Family Guy, Friend or Foe? Essay

Custom Student Mr. Teacher ENG 1001-04 29 December 2016

Family Guy, Friend or Foe?

Family Guy and Freud: Jokes and Their Relation to the Unconscious In Antonia Peacocke article “Family Guy and Freud: Jokes and Their Relation to the Unconscious,” she discuses the show created by Seth MacFarlane, stating how she loves the show and how she can even recite several episodes by heart. However, when she first started watching the show she did not care for the type of humor that was expressed. Peacocke goes onto explains that she is not the only one who has these same feelings on how the show is bigoted and crude (Peacocke). Evidence to this was when the show was cancelled not only once, but also twice, in 2000 and 2002. Soon after the show was band, complaints from so many viewers to Fox Television Network, the producers were forced to start airing the show again (Peacocke).

However, as she continued to watch the television program, she noticed that there was more than just racist, sexist, and bestiality jokes to be taken from the show (Peacocke). She even goes on to state how she gave the show a second chance and realized that it actually had a purpose and portrayed the stereotypes many people use today. Family Guy is one of the most disgusting, cruel and racist shows I have ever laid my eyes on, that is what I first thought after watching the TV show, Family Guy, for the first time, now that I look back on it, it is simply not true. If you look into the show more deeply and get what Seth McFarland, creator of Family Guy, is trying to portray you realize there is a lot more to it. I took the same view of the show as Peacocke, at first I did not like it, but I was forced by my family and friends to watch it. After watching several episodes, I stepped back and took a deeper look at the racist and sexist jokes said on the show, and I realized there was more to learn and see then just getting a chuckle out of the cruel jokes.

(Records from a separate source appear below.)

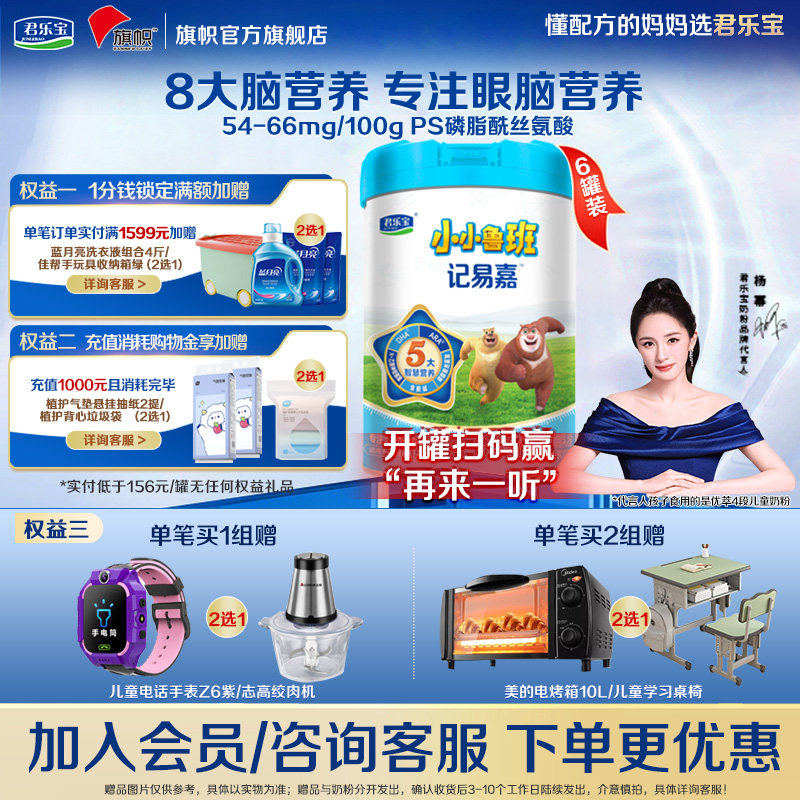咨询优惠】君乐宝旗帜小小鲁班4段儿童成长配方奶粉800g*6罐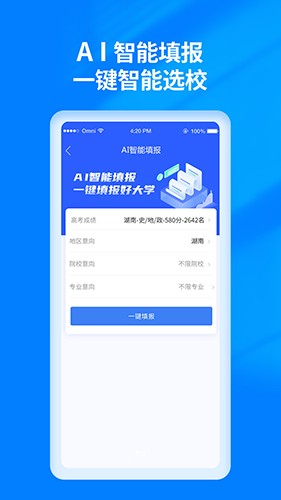 阳光高考志愿填报 V3.2.1 安卓版截图3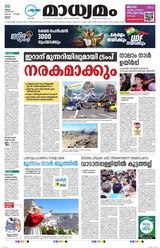 Madhyamam Trissur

Family Guy can be one of the most sexist and demeaning television programs out there but if you take a step back and look at what Seth MacFarlane is trying to get at, from the women of the 1950’s to the censorships of the FCC, you can learn the true meaning of Family Guy. Anyone who has ever watched an episode of Family Guy will agree that the show is very offence and often time sexist, but most people do not really get the true meaning of the show and how it relates to the stereotypes in our day to day lives. In one occasion in Peacocke essay “Family Guy and Freud: Jokes and Their Relation to the Unconscious,” she states that in an episode “I am Peter, Here me Roar,” there is a scene of an old 1950’s work place where a business man is talking about how women are very insecure about their appearance().

He explains that men should be sure to complement women on how they look, even if they are ugly, because they will believe it (302). Then the businessman goes on to say that a firm slap on their butt will let them know what good of a job they have done (302). I take this not to be a sexist skit but how the women of the 1950’s were mocked in the work place and how normal it was for this to happen to them. This is just one of the many examples of people misunderstanding Family Guy. Peacocke also includes in her essay how celebrities influence the way we think and what we do things in our everyday lives. This is shown in one episode of Family Guy, mentioned in Peacocke’s essay, when Brian and Stewie, are talking about Stewie’s choice of reading material (304).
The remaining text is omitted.